Title: The Dinner
Author: Herman Koch
Release Date: 2013
Voice Actor: Clive Mantle
Awards: Publieksprijs voor het Nederlandse Boek (2009)
Finished Reading: January 23, 2015
Fulfills: A Book Set in a Different Country, A Book by an Author I’ve Never Read Before, A Book That Was Originally Written in a Different Language
About: “A summer’s evening in Amsterdam and two couples meet at a fashionable restaurant. Between mouthfuls of food, the conversation remains a gentle hum of polite discourse, but behind the empty words, terrible things need to be said. Each couple has a fifteen-year-old son and the two boys have committed a single horrific act, which has triggered a police investigation and shattered the comfortable insulated worlds of their families. As the dinner reaches its culinary climax, and as civility and friendship disintegrate, each couple shows just how far they are prepared to go to protect those they love.”
Why did I pick up this book? I was at a job interview, true story, for a library assistant position and they asked if I had read this book.
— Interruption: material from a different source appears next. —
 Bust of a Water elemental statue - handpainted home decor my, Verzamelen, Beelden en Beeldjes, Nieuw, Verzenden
When I said that I had not, they both were beside themselves and proceeded to tell me that I absolutely needed to read it. Rather, that I should listen to it because the audio is amazing. So that’s what I did. Months later (this month) I grabbed it from the library and the rest is history.
This book. Ok. Wow. So we are getting all of this told to us in first person, following around Paul. I wasn’t really taken with Paul. I felt the same way about him in the same way I felt about Eva at the beginning of We Need To Talk About Kevin. Pedantic. Overbearing. Privileged. Annoying. We soon meet his wife, Clair. As well as his brother, a well to-do up-in-coming politician, Serge, and Serge’s wife, Babette. (No, it’s not pronounced Babe-ette, but BOBette.) From Paul’s perspective we really learn to dislike Serge right away, and we’re given an opening for attraction toward Babette.
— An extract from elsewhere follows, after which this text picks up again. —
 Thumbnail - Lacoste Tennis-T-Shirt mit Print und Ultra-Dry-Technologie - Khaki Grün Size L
I hated everyone. Ever single character. I hated the parents. I hated the kids. I hated the waiter and the restaurant owner. Serge was actually, as it turned out, had just a regular hate from me. Everyone else was a double-hate. I double-hated everyone (sans Serge).
The basic premise is that these two adult, parent, couples are out to dinner discussing what their sons have gotten themselves into. That’s the whole plot in one sentence. The whole book is one whole dinner. Now, Paul interrupts several times to reveal scenes that have already happened. He talks about his old job. He talks about being a parent early in his son’s life. The whole shebang. I was worried about the pace of this book.
The book started out pretty slow for me. I knew something big was coming and I really just wanted it to happen already! Paul interrupting the dinner for these flashback stories almost annoyed me. Almost. The more I paid attention to these mini vignettes, the better picture I’m given of each of these characters. BUT. When I found things out (you’re welcome for the vagueness all you readers who have yet to pick this up), it really starts going. Snowballing. Getting worse and worse and worse. It left me with goosebumps. I needed a few days to gather my thoughts instead of immediately running for my laptop to write a review.
My rating and why: I gave this book 4 stars! I read it and really enjoyed it. Enjoyed is the wrong word. I hated everyone. But, Koch really did something right if I’m yelling at the characters in my car. This book will definitely stay with me for awhile.
Your turn! Have you read this book? Have you read a book that was written in a language other than your native tongue? How many check points have you been able to cross off your 2015 reading challenge? Let me know in the comments below! Like. Comment. Follow.
Until next time my fellow bibliophile beasties!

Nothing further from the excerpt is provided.